Here are some of the most valuable lessons I learned:

  Pay attention to (and grow awareness and understanding between) your school and larger community.

A design team of teachers, school and district administrators researched and crafted our new school model. As a result, this small group became deeply knowledgeable—but we didn’t cultivate this same understanding among our stakeholders prior to launch. In retrospect, a stronger communications strategy for engaging parents, students, and our community would have helped to solidify a foundation of support. Our design team struggled with sharing information in an ongoing fashion because there was a strong desire to ‘get it right’ first. But perfection isn’t the goal: building a shared understanding of the model’s key components among diverse stakeholders is critical.

   Keep the focus on student learning.

Designing and launching a breakthrough model is complex! We were asking teachers to learn and employ new strategies, shifting from a traditional approach to targeted instruction, and coaching students in self-directed learning. With any instructional change, there will be setbacks as everyone involved—both teachers and students—must adjust. But it was important for the faculty to have an administrator encouraging them to take risks and practice new strategies, while offering feedback to support their professional growth. This coaching model requires trust, respect, and time. We carved out time each week to reflect on the challenges and opportunities, and we used these discussions to gain clarity about specific instructional practices that yielded the best results for student learning.

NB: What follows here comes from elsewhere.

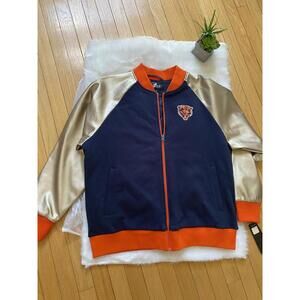 Chicago Bears Woman's Varsity Bomber Jacket with Gold Sleeves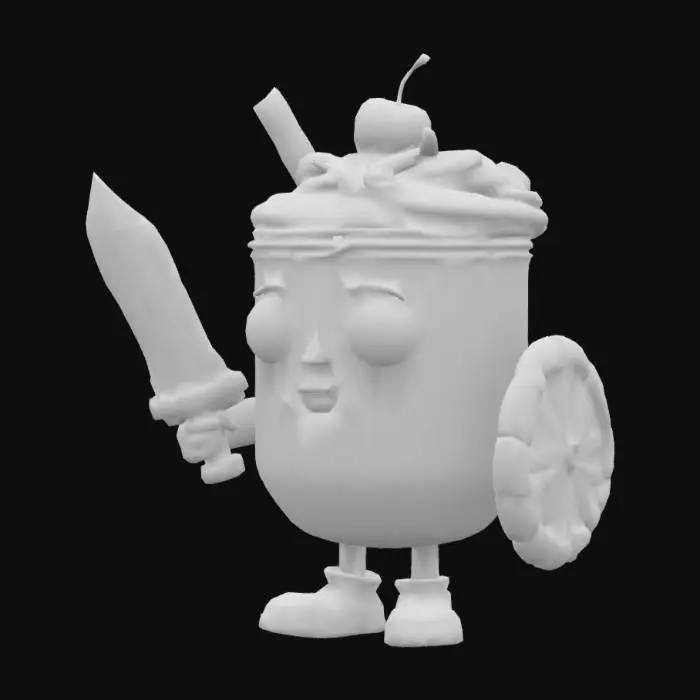 3D model for A Tropical Strawberry Milkshake warrior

   Know your model’s key components, and be nimble and able to adjust rapidly.

Craft a short description of your model that is completely devoid of jargon. Use this description and student learning outcomes as your decision-making lens. Every day you will be faced with decisions that need to be made rapidly; being clear about what is important to you will help you to consistently move in the right direction.

   Plan for ongoing, embedded professional learning and guard that time from interruptions due to student behavior or managerial issues.

Like many other innovators, we launched our breakthrough model knowing we weren’t ready. (We know now that we’d never feel ready!) Prior to launch, we built a calendar of ongoing professional learning to support ourselves. It was difficult to stick to a 45-minute session of adult learning when student management issues cropped up. Our team continuously felt the rub between dealing with immediate needs and supporting the long-term sustainability of our model. It’s important to carve out times for adult learning and to adhere to them despite the short-term issues that inevitably crop up.

  Accept that operations to support implementation efforts will not be seamless.

Keep in mind that the technological tools and online platforms for learning and tracking student growth are emerging, and as such, may present an occasional challenge. Do not be deterred by this; just move forward with an awareness that these resources and tools haven’t yet caught up with our needs. Take time to build your grading, student feedback, and reporting processes—and communicate these plans to all key stakeholders in a variety of formats, often.

Launching a breakthrough model has been the most challenging and rewarding experience of my professional career; now, I’m looking forward to using my knowledge to support our grant recipients as a K-12 Program Officer for NGLC.